# Aluminum cars!!!!!!



## flyernut (Oct 31, 2010)

Thought that would get ya attention... I just picked up a beautiful LIONEL,(?), Santa Fe train set with the A-B-A configuration, and 4 aluminum cars, and a 3 car Budd set, also all aluminum, also Lionel.... I'm putting on ebay a huge collection of O scale trains, some never came out of the box. Lots of MTH and Lionel..As I get some free time, I'll post a few pix. I know this isn't supposed to be here in s scale, but I consider this place my home, and just wanted to share with you guys.:smilie_daumenpos:


----------



## Nuttin But Flyer (Dec 19, 2011)

So these are all O-scale items you are parting with??


----------



## flyernut (Oct 31, 2010)

Nuttin But Flyer said:


> So these are all O-scale items you are parting with??

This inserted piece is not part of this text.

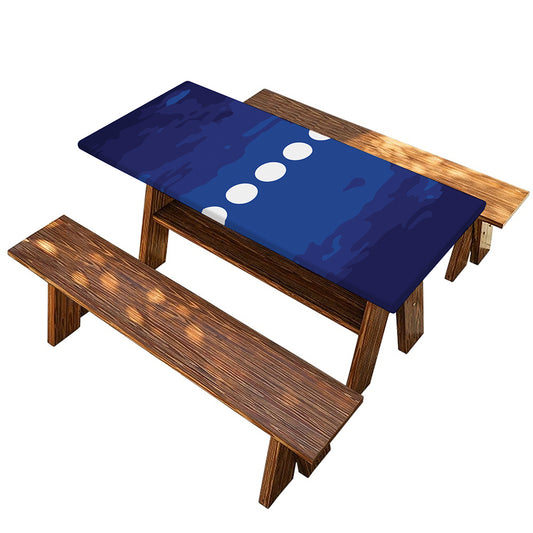 Starry Sky Lunar Phase Print Picnic Table Cover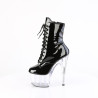 Pleaser ADORE-1020 Black Patent Transparent Ankle Boots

Yes, all o scale, in boxes, some of the boxes are torn.


----------



## Patrick1544 (Apr 27, 2013)

What's you ebay screen name?


----------



## flyernut (Oct 31, 2010)

Patrick1544 said:


> What's you ebay screen name?


dokks6t9. I have approx 12 items on there now, all O scale, all MTH. I'll be putting Lionel engines , rolling stock, and MTH engines on very soon.


----------



## Kwikster (Feb 22, 2012)

:ttiwwop:

I had to  sounds like some cool stuff.

Carl


----------